What is needed is an exact copy of the records below, minus any pictures.

• SUPPLIED RECORDS:
○ ○ ○ ○ ○

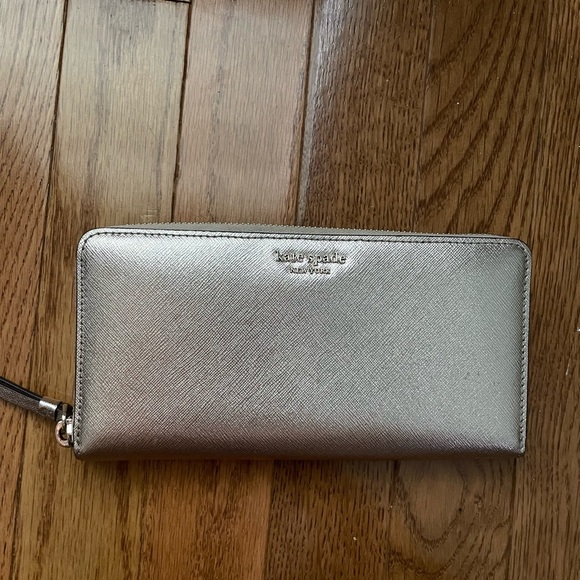kate spade Handbags - Kate Spade Large Wallet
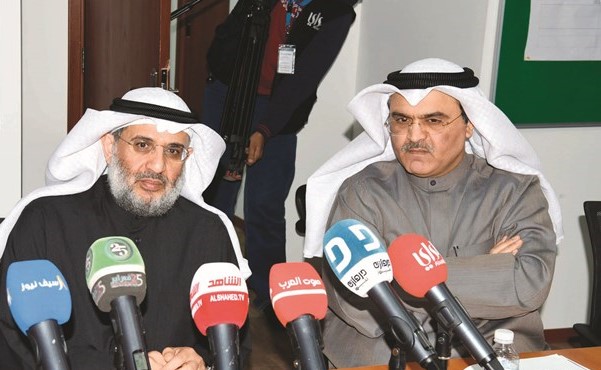 م. عبدالرحمن المطوع متحدثا خلال الاجتماع بحضور م. غالب شلاش﻿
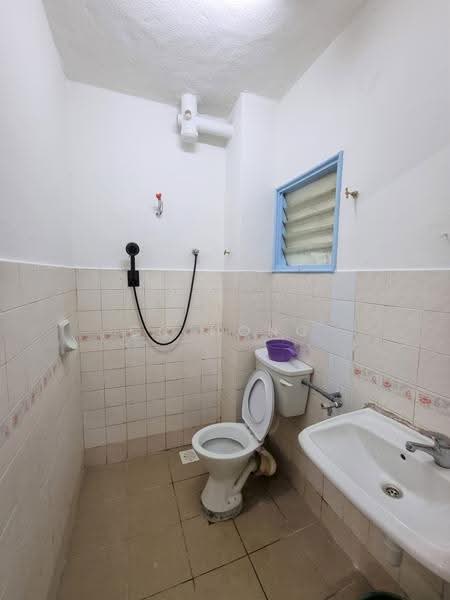Pangsapuri untuk Disewa di Pandan Heights Condominium - CC Hong - Bathroom - PropertyGuru.com.my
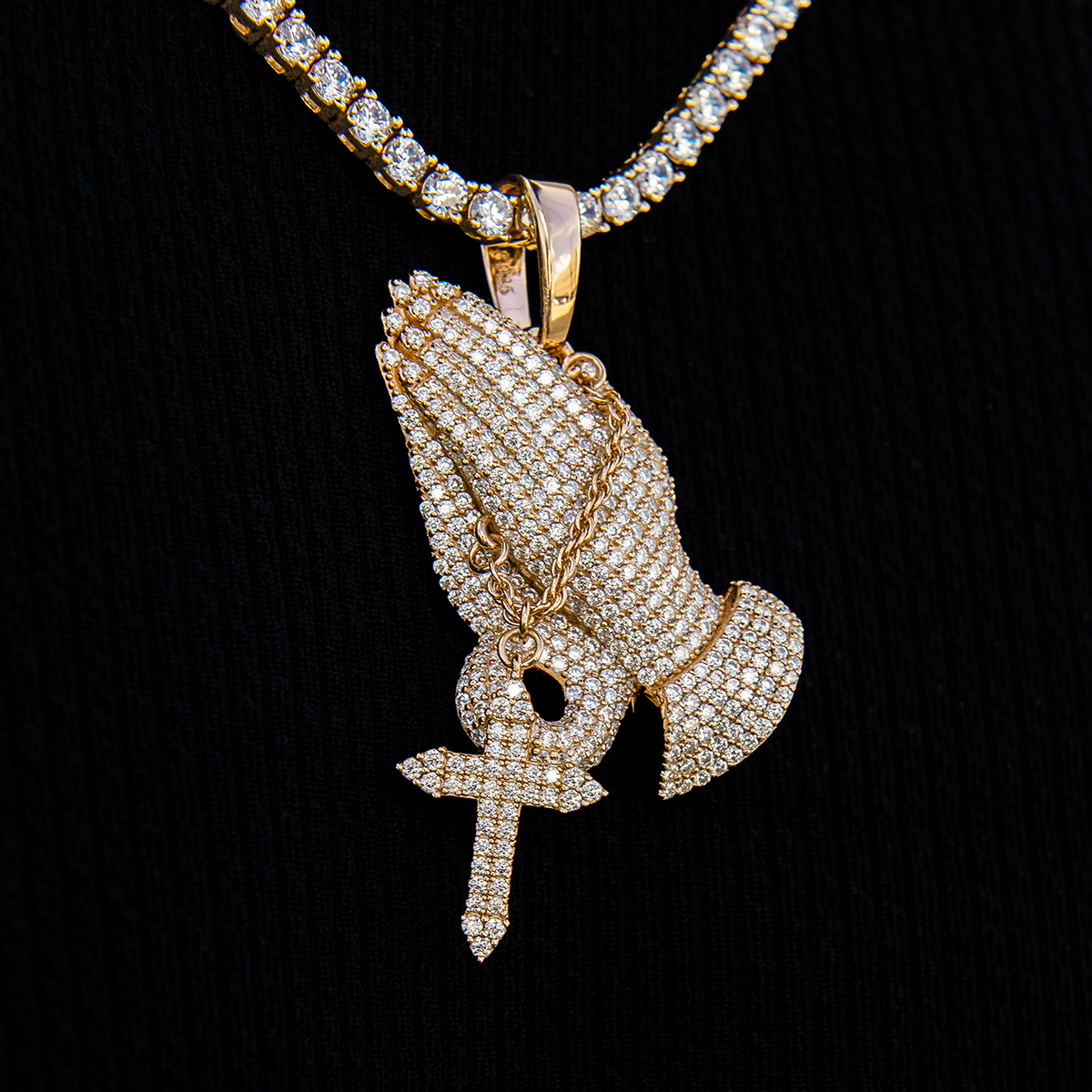 Men's Moissanite Praying Hands Pendant in Yellow Gold Vermeil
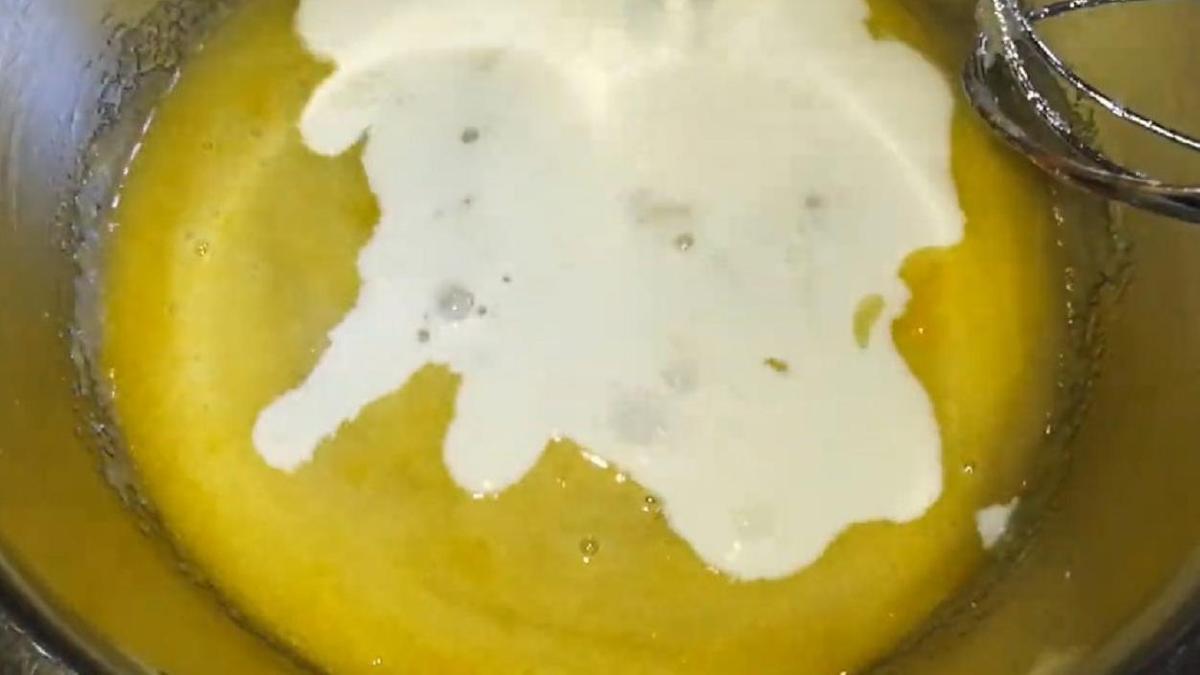 Взбитое яйцо с сахаром и молоко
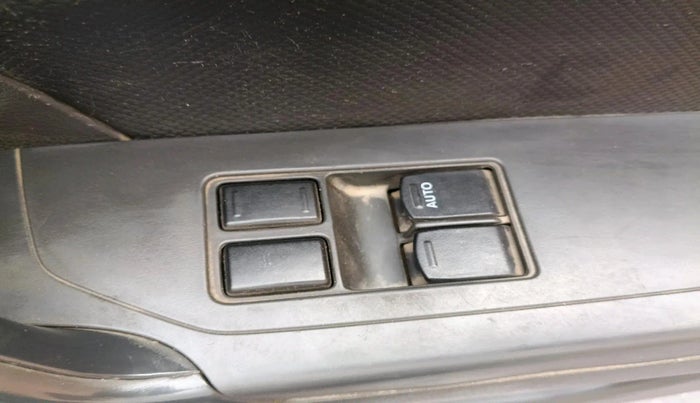2017 Maruti Vitara Brezza LDI (O), Diesel, Manual, 87,011 km, interior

○ ○ ○ ○ ○

• TASK RESPONSE:
kate spade Handbags - Kate Spade Large Wallet
 م. عبدالرحمن المطوع متحدثا خلال الاجتماع بحضور م. غالب شلاش﻿
Pangsapuri untuk Disewa di Pandan Heights Condominium - CC Hong - Bathroom - PropertyGuru.com.my
 Men's Moissanite Praying Hands Pendant in Yellow Gold Vermeil
 Взбитое яйцо с сахаром и молоко
2017 Maruti Vitara Brezza LDI (O), Diesel, Manual, 87,011 km, interior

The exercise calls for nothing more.